#### REQUIREMENT:
Only the lines below from the one containing "Mustard silk boatneck" through the one containing "Men's Baseball Player" belong in the answer, repeated exactly and without pictures.

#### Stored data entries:
Content starts

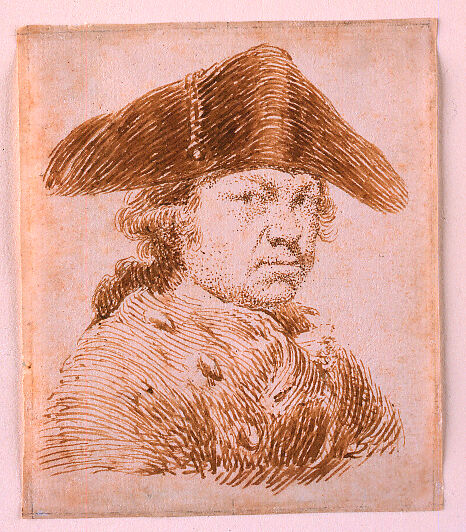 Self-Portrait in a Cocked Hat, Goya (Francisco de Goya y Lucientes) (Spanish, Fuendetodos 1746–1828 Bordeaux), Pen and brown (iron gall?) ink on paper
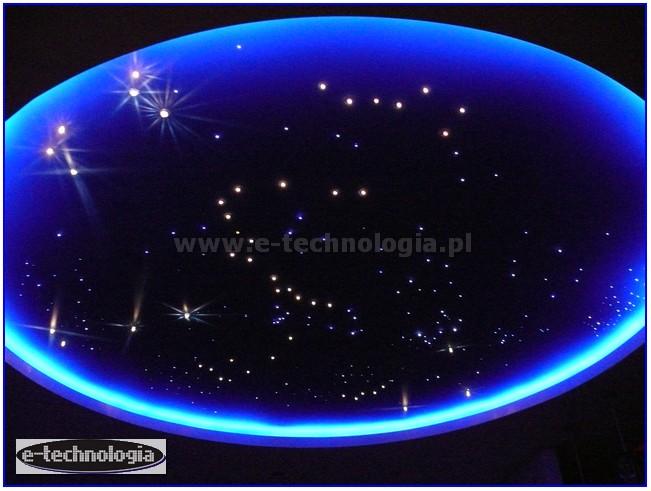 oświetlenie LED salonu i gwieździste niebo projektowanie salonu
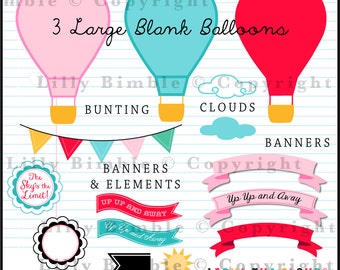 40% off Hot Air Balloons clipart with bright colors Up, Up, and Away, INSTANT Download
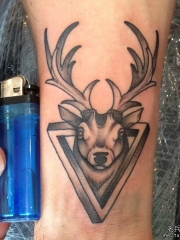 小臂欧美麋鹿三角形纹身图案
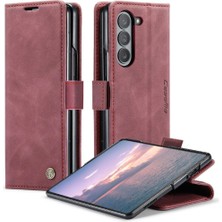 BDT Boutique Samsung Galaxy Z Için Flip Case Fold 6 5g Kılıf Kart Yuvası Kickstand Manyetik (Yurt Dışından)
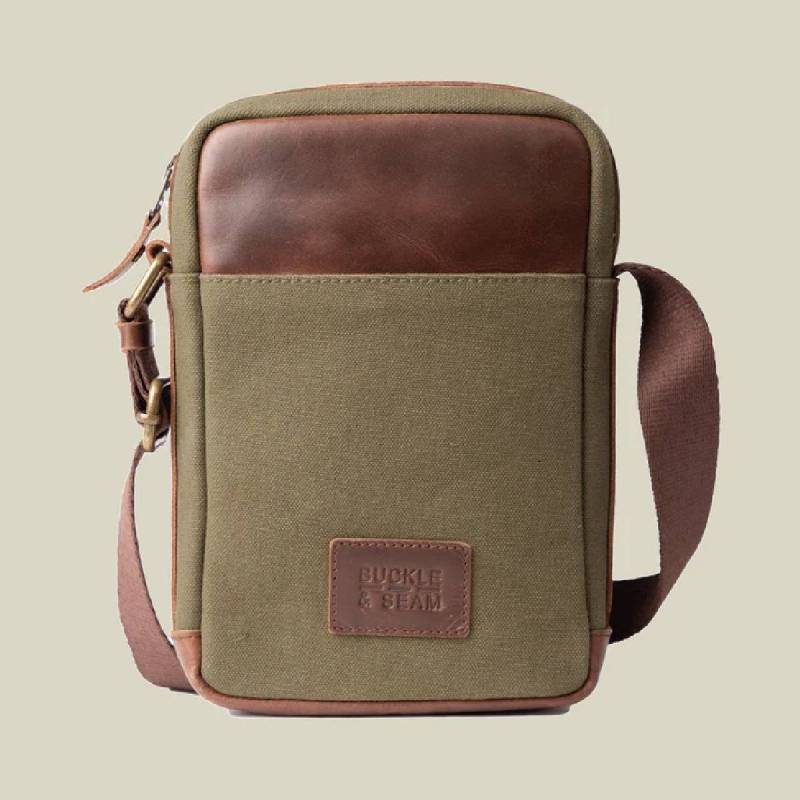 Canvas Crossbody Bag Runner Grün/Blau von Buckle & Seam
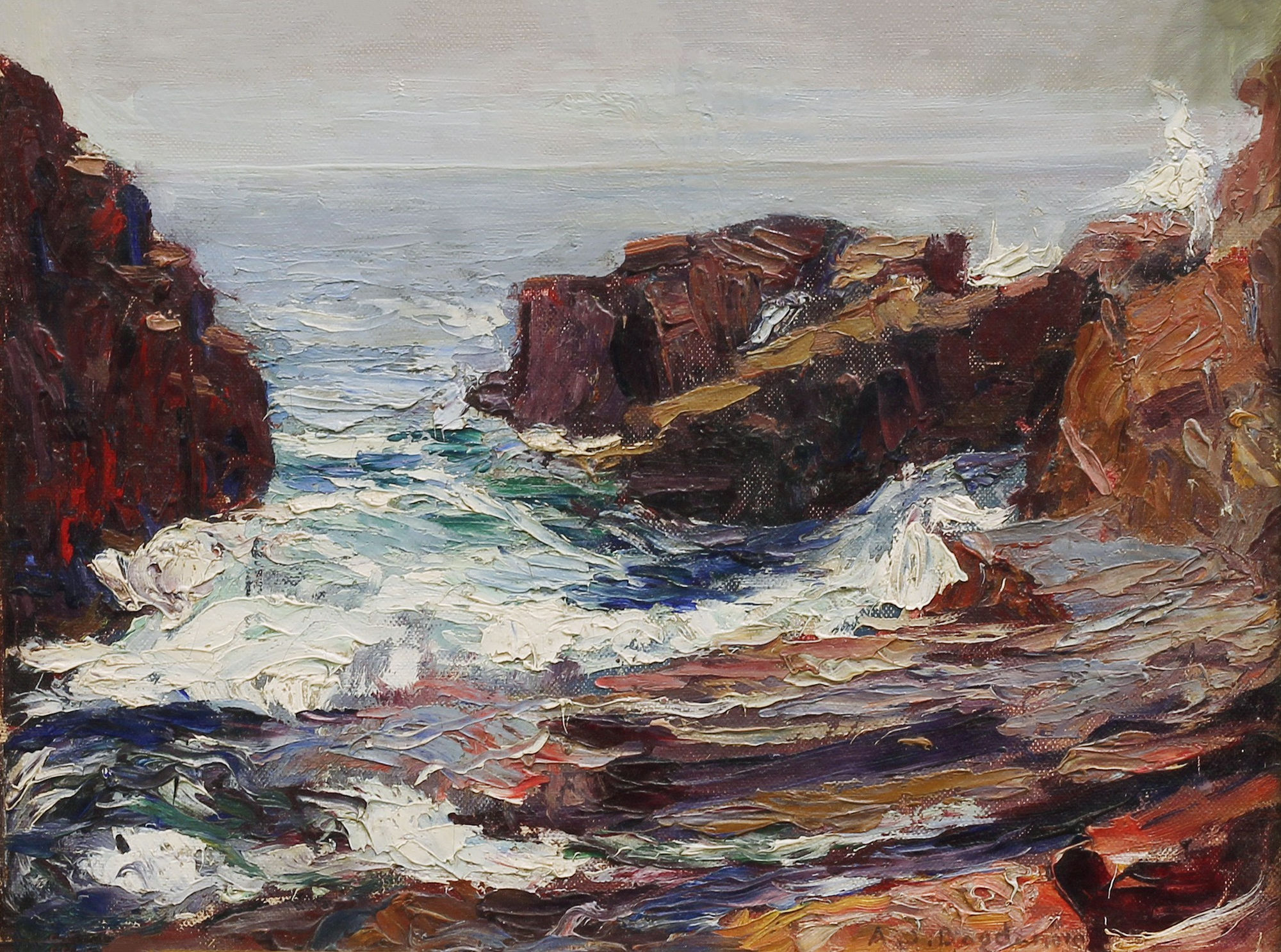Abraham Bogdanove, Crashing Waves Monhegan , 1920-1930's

Content ends
Content starts

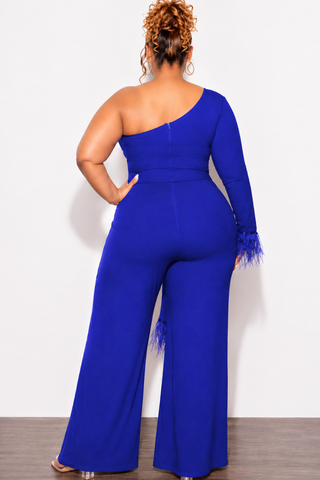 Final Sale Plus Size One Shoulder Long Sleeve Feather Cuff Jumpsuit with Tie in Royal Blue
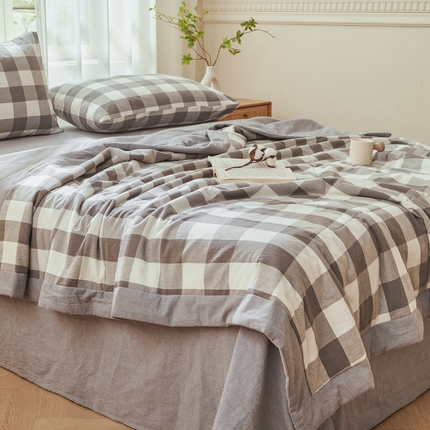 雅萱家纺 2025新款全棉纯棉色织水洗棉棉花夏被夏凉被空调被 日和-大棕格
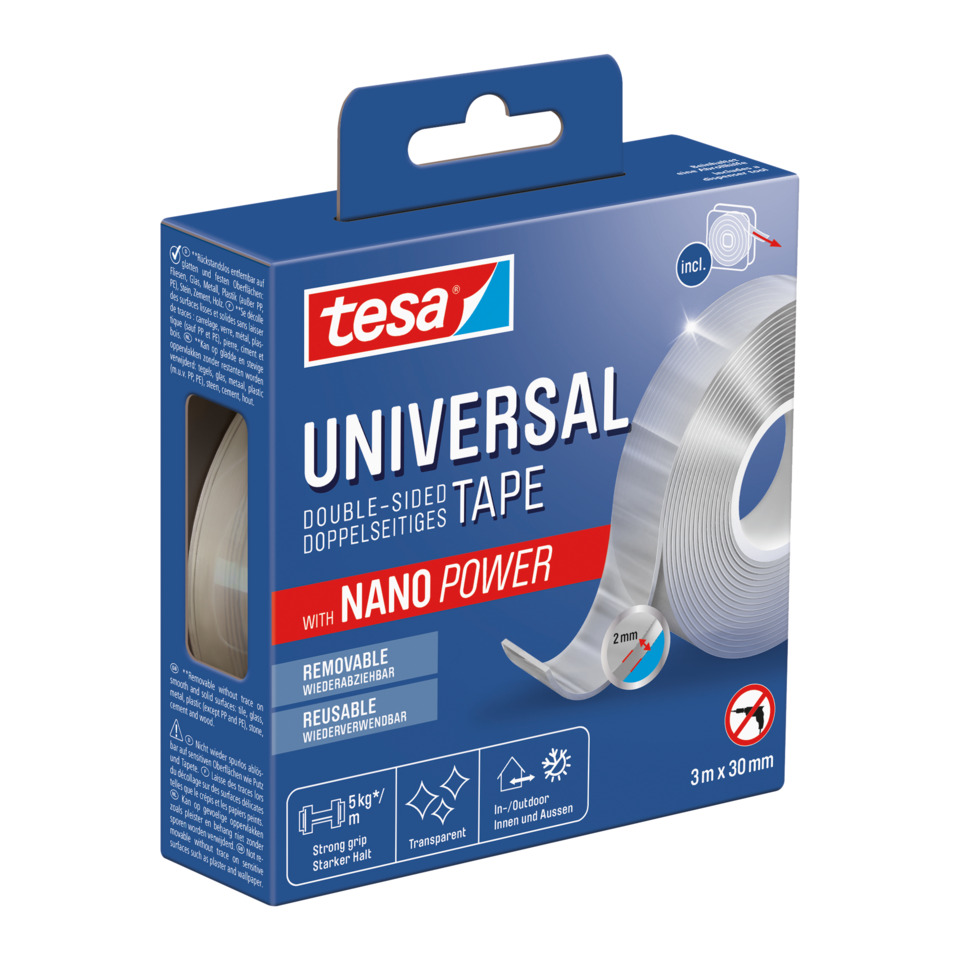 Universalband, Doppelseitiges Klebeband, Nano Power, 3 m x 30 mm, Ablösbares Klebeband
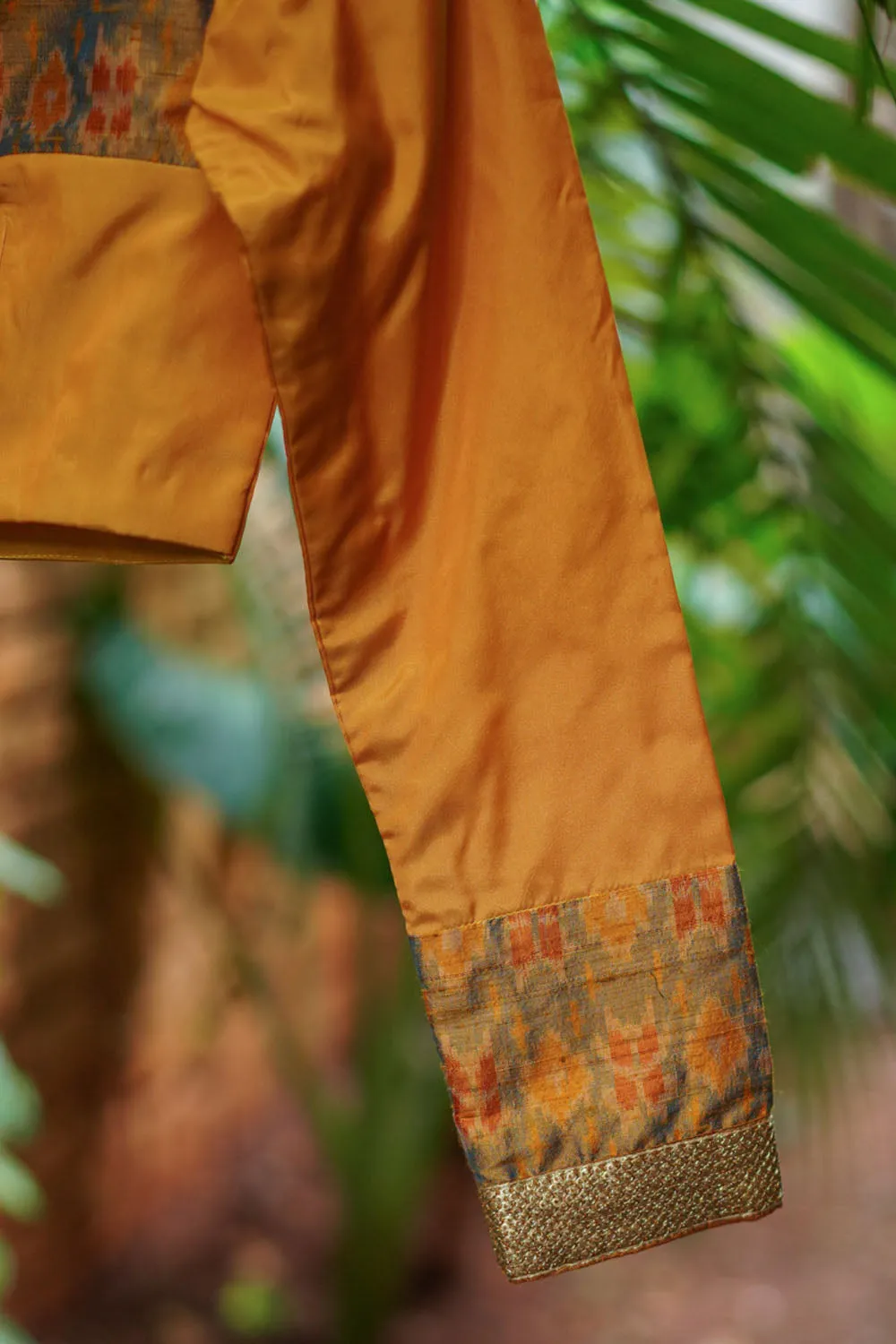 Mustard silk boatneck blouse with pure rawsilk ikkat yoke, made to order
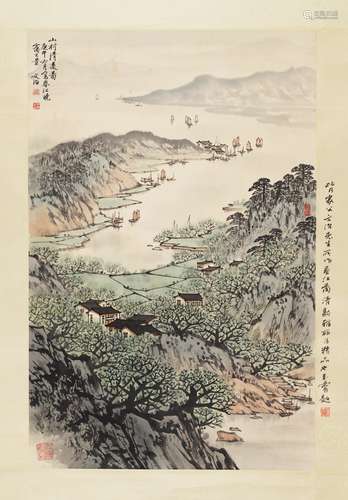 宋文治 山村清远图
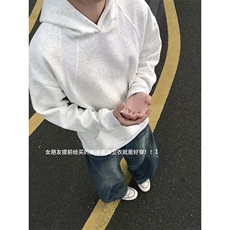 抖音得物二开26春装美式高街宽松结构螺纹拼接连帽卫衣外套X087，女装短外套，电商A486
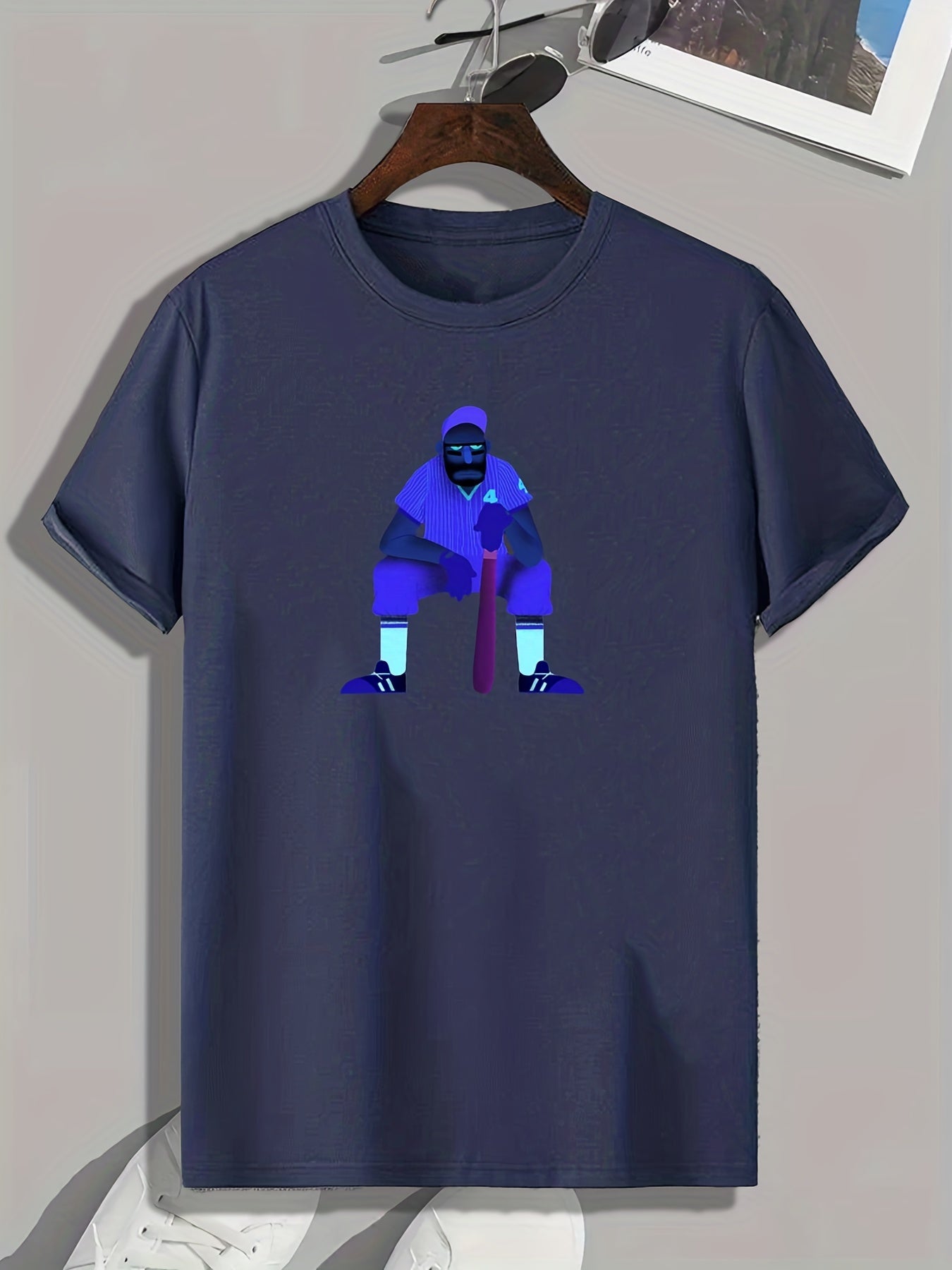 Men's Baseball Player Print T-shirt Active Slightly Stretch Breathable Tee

Content ends

#### COMPLETED TASK:
 Mustard silk boatneck blouse with pure rawsilk ikkat yoke, made to order
 宋文治 山村清远图
 抖音得物二开26春装美式高街宽松结构螺纹拼接连帽卫衣外套X087，女装短外套，电商A486
 Men's Baseball Player Print T-shirt Active Slightly Stretch Breathable Tee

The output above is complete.